Modern CPUs do exactly the same thing as our university: they are able to keep *several instructions in execution simultaneously*, and hence they can obtain a *much higher throughput* than what one would expect based on the instruction latency.

It is hard to design CPUs that have multiplication units with a very small latency. However, throughput is — at least in principle — relatively easy to improve: just add more *parallel* multiplication units that can be used simultaneously. Another technique that is heavily used in modern processors is *pipelining*: Arithmetic units can be seen as a long pipeline. At each clock cycle, we can push one new operation into the pipeline. It takes a while for each individual operation to finish, but in the steady state if we initiate one operation per clock cycle, we will also finish one operation per clock cycle:

Time | Start | In progress | Finish |
---|---|---|---|

0 | operation A | ||

1 | operation B | A | |

2 | operation C | B, A | |

3 | operation D | C, B, A | |

4 | operation E | D, C, B, A | |

5 | operation F | E, D, C, B | A |

6 | operation G | F, E, D, C | B |

7 | operation H | G, F, E, D | C |

8 | operation I | H, G, F, E | D |

9 | operation J | I, H, G, F | E |

10 | operation K | J, I, H, G | F |

11 | operation L | K, J, I, H | G |

Thanks to pipelining, each arithmetic unit typically has a throughput of 1 operation per clock cycle, and modern CPUs have a large number of parallel arithmetic units. For example, in a typical modern CPU there are 16 parallel units for single-precision floating point multiplications per core. Hence a modern *4-core CPU* can do floating point multiplications at a throughput of **64 operations per clock cycle**, or roughly *200 billion operations per second* (recall that the clock speed is typically around 3 GHz, i.e., 3 billion clock cycles per second).

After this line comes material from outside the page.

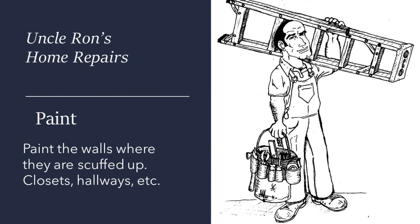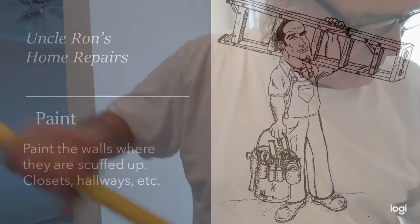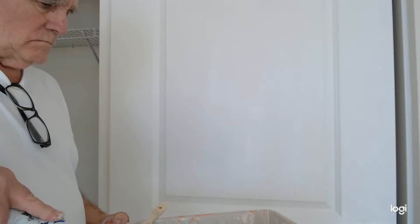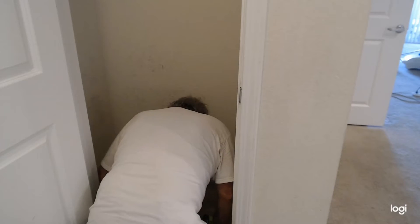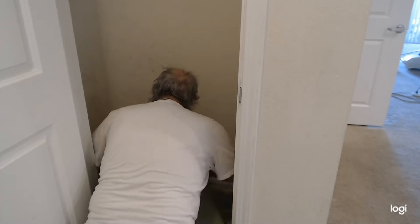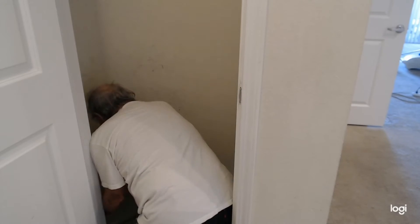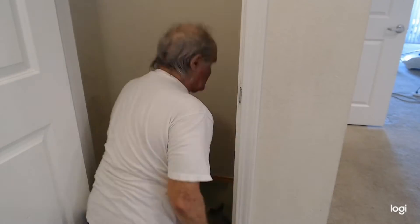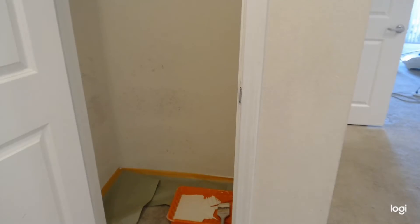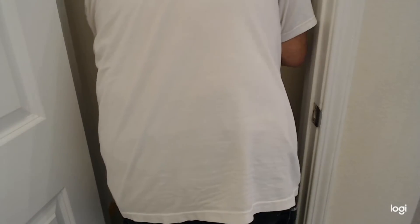The next thing I do is paint the walls where there's scuffing or places where something has leaned against them — work areas, doors next to the entry, closets at the bottom where boxes have leaned against the wall. I just paint what I need to. In this hall closet I'm going to paint up about two or three feet. When the scuff marks go away, I stop. I put down some paper because I don't want paint splashed everywhere, and I go just high enough so the scuff marks disappear.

This is a dramatic improvement in comparison with the CPUs from the 1990s, in which the throughput of floating point multiplications was typically in the ballpark of *0.5 operations per clock cycle*.

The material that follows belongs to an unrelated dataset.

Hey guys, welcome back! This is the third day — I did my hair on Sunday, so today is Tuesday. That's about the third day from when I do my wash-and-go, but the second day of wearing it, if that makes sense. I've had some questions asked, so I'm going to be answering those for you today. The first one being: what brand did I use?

In summary, the performance of modern CPUs is steadily increasing, but it is **new kind of performance**: the latency of individual operations is not improving at all, only throughput is improving. And to benefit from the new kind of performance, we will need **new kind of software** that explicitly takes into account the difference between throughput and latency.

With old code, a computer from 2019 is not any faster than a computer from 2000. In this course we will learn how to write new code that is designed with modern computers in mind.